_Problem to work on_. Without any images, write the listing below out word for word.

_Exercise input_.
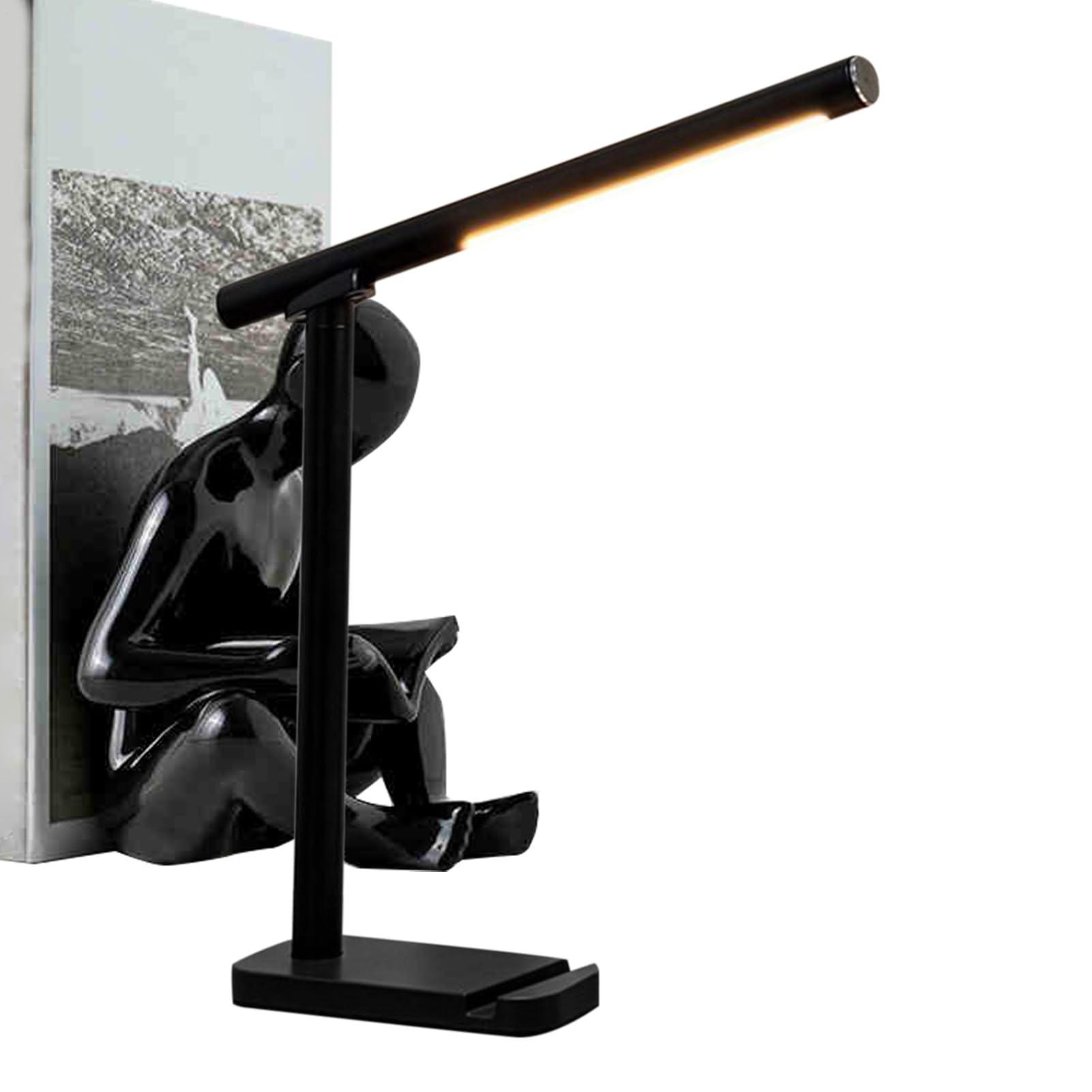 Éclairage continu à luminosité réglable pour bureau maison et travail - 8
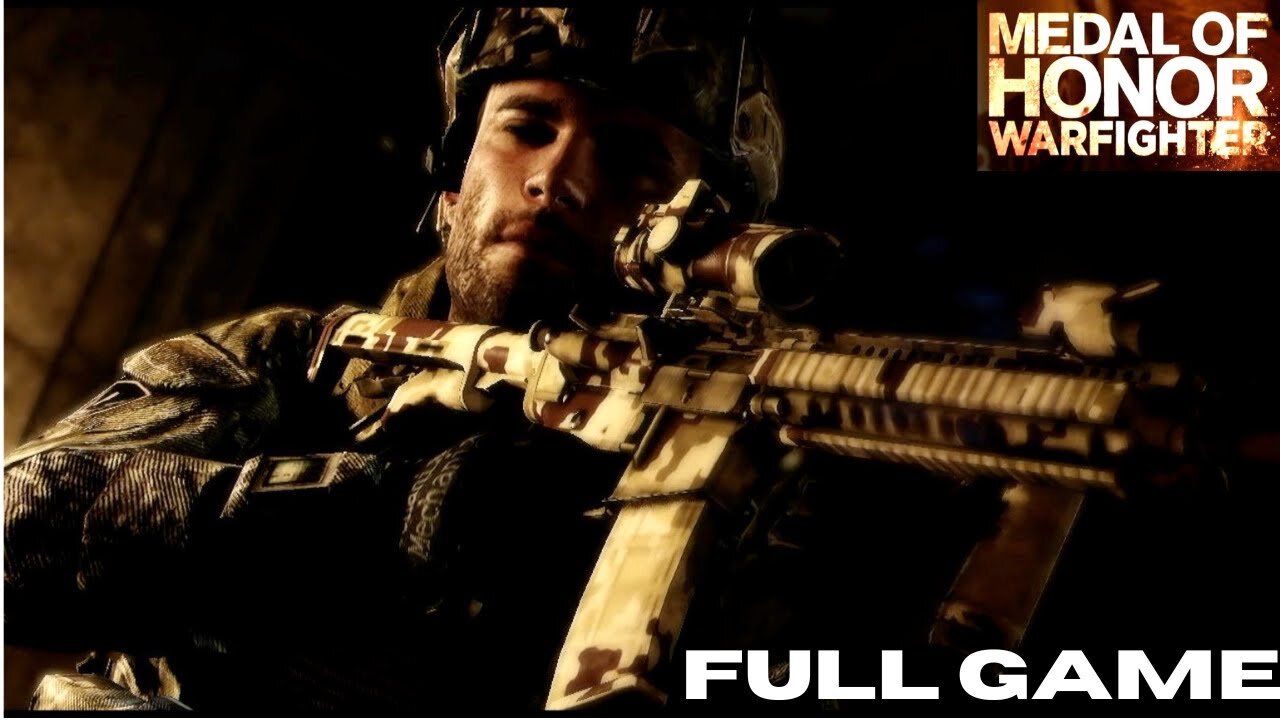 Medal of Honor: Warfighter FULL GAME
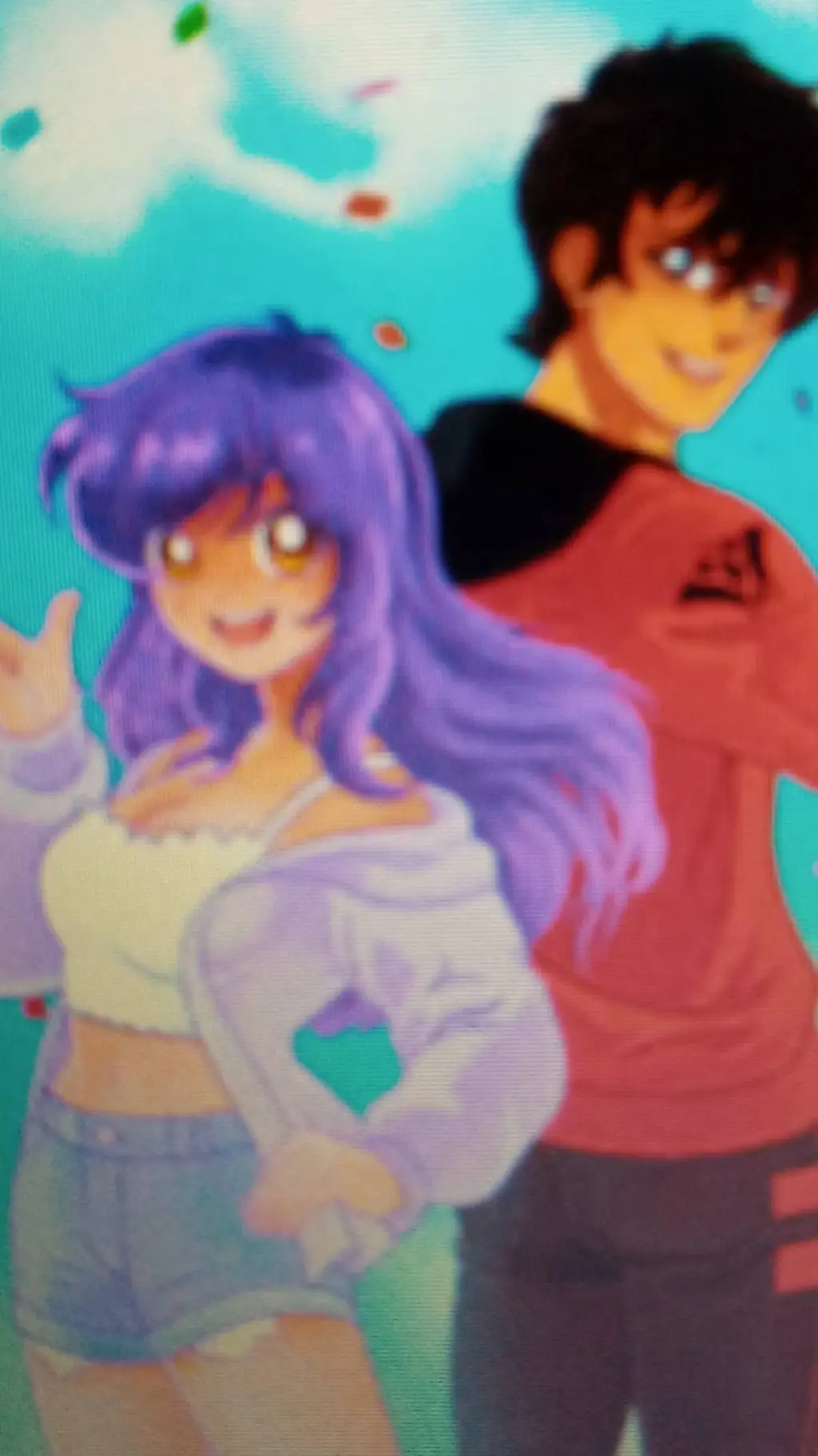 ai character: Aphmau background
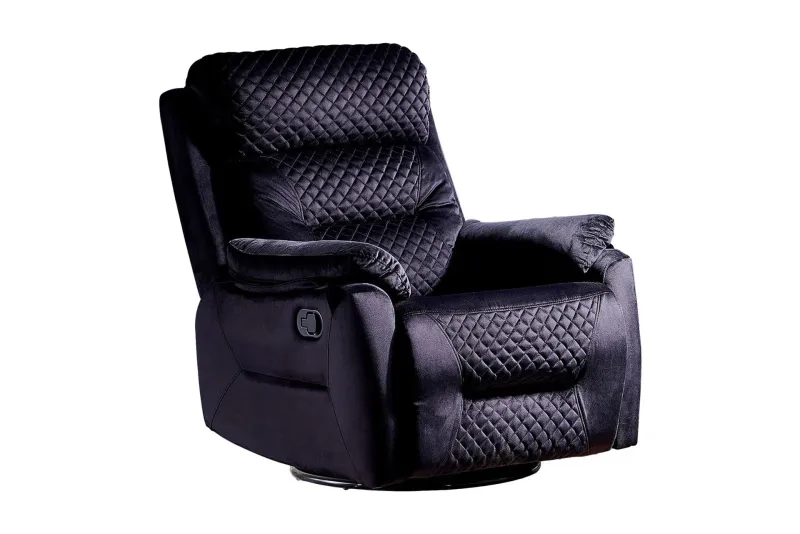 Reclinerfåtölj - Svart — Svart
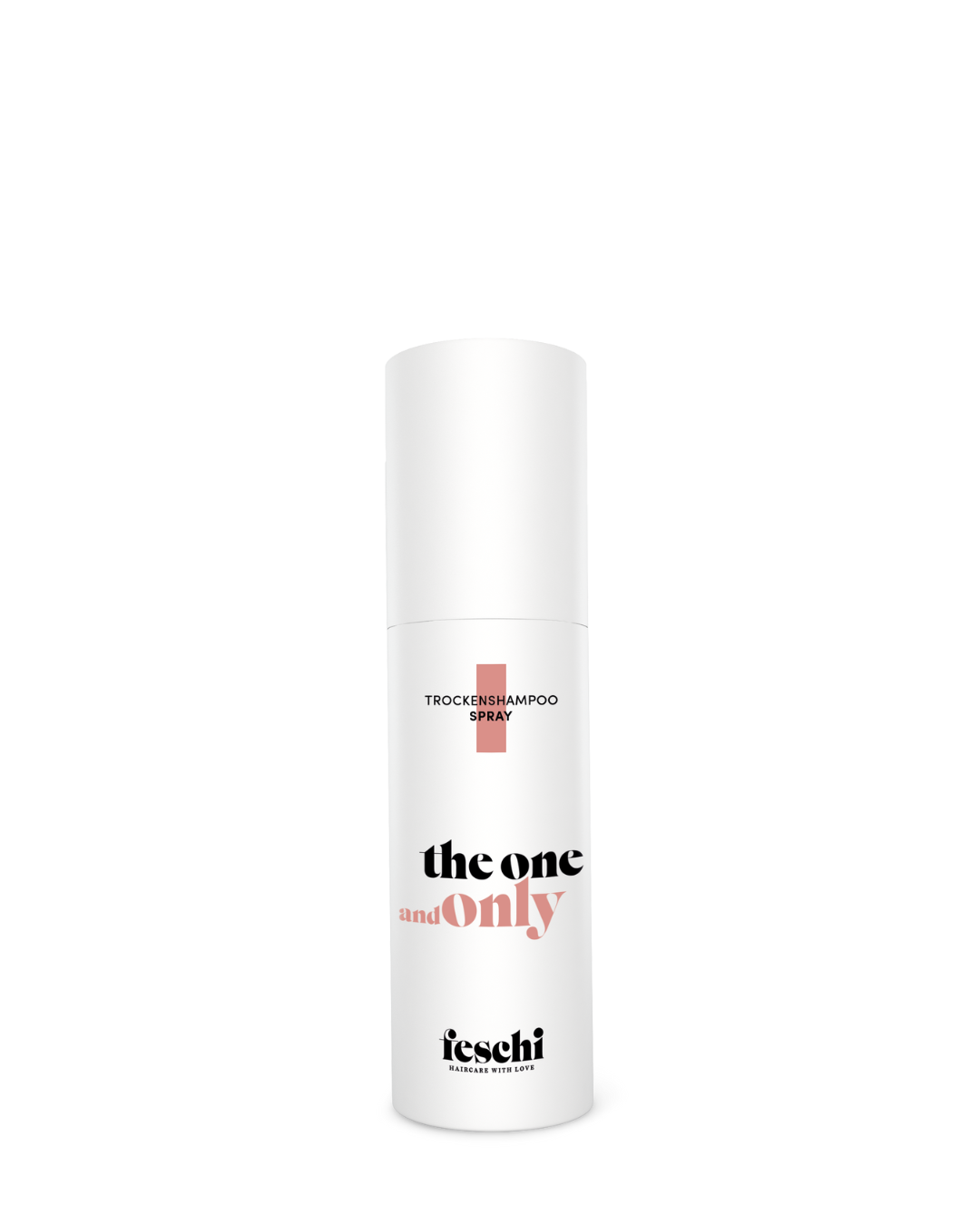 Produktbild vom feschi Bestseller, dem Trockenshampoo Spray in der praktischen Reisegröße von 100ml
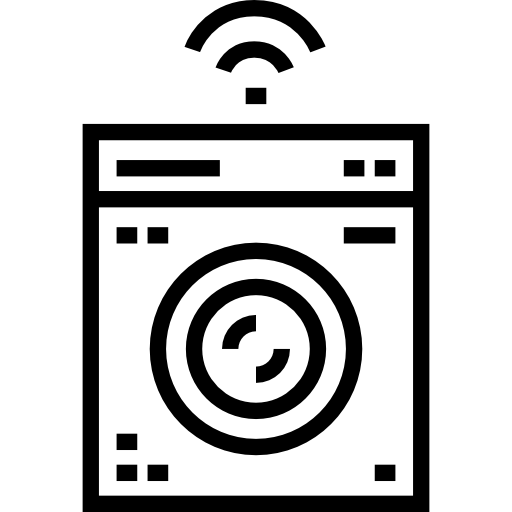 Washing machine Detailed Straight Lineal icon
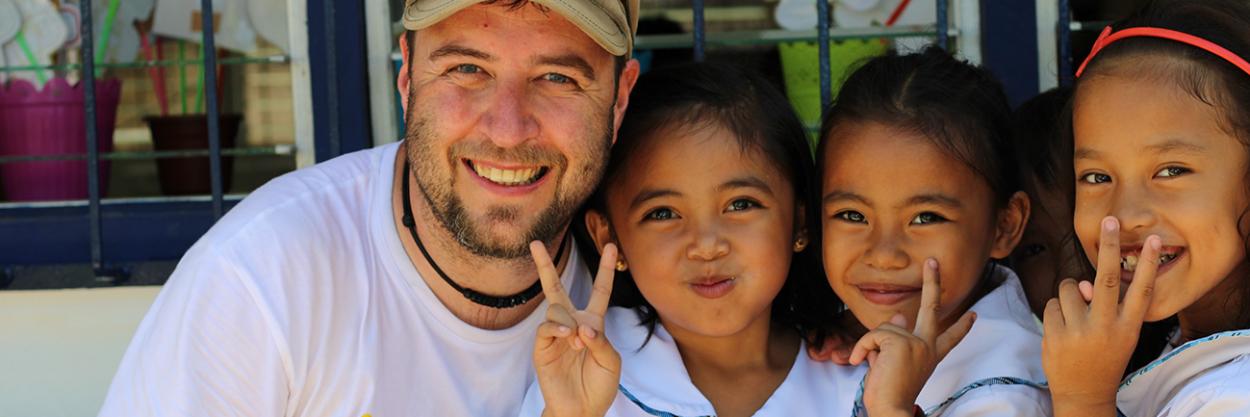 Child & Family Foundation supports the San Roque Elementary School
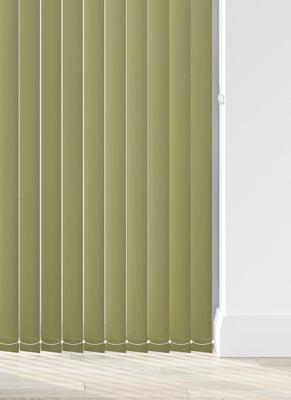 Verticale lamellen - Bella zacht groen Verticale lamellen - Bella zacht groen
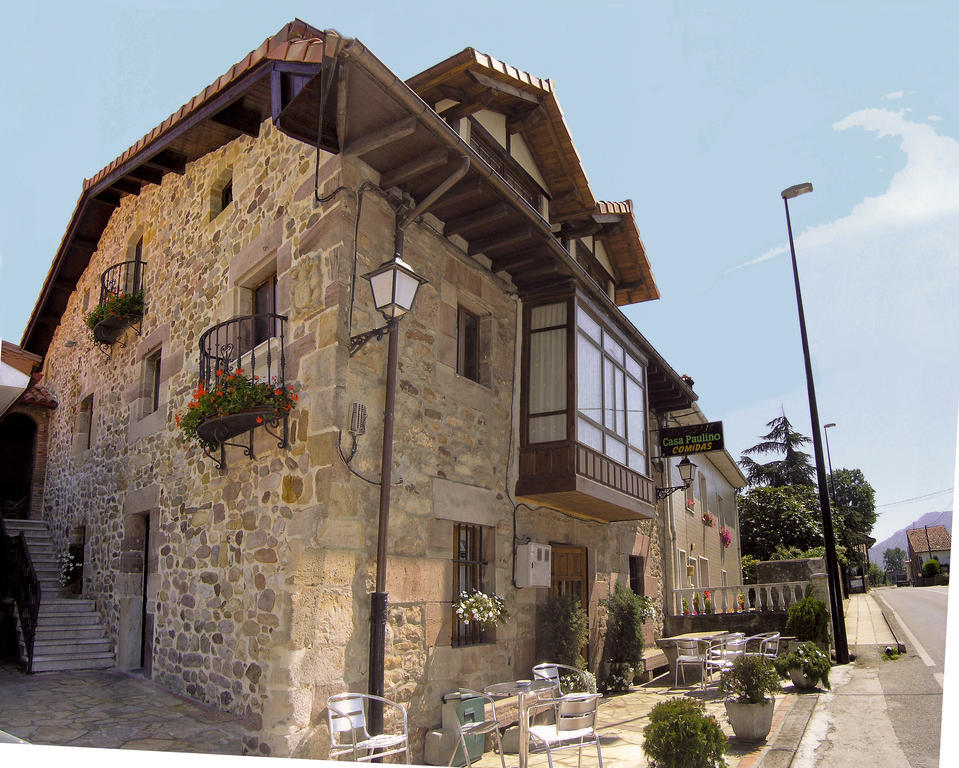 Casa Paulino Hotel Corrales De Buelna Exterior foto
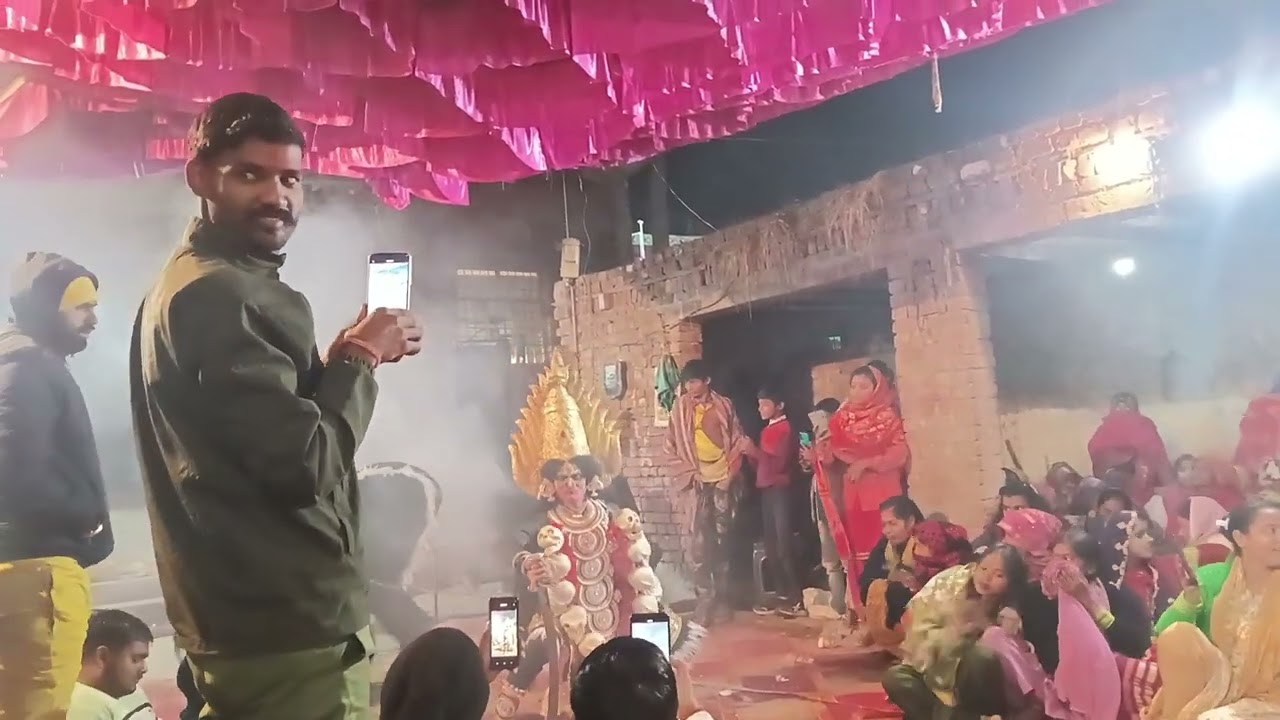 मां काली की झांकी बहुत सुंदर,,9389740783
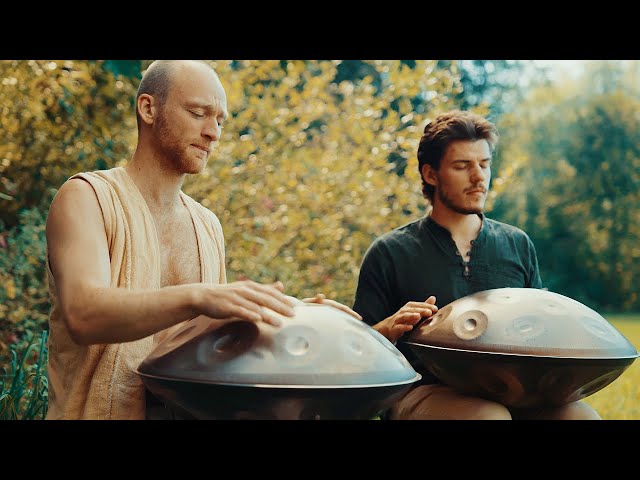 A Loving Memory | 1 hour handpan music | Malte Marten & Konstantin Rössler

_Result below_.
 Éclairage continu à luminosité réglable pour bureau maison et travail - 8
 Medal of Honor: Warfighter FULL GAME
 ai character: Aphmau background
 Reclinerfåtölj - Svart — Svart
 Produktbild vom feschi Bestseller, dem Trockenshampoo Spray in der praktischen Reisegröße von 100ml
 Washing machine Detailed Straight Lineal icon
 Child & Family Foundation supports the San Roque Elementary School
 Verticale lamellen - Bella zacht groen Verticale lamellen - Bella zacht groen
 Casa Paulino Hotel Corrales De Buelna Exterior foto
 मां काली की झांकी बहुत सुंदर,,9389740783
 A Loving Memory | 1 hour handpan music | Malte Marten & Konstantin Rössler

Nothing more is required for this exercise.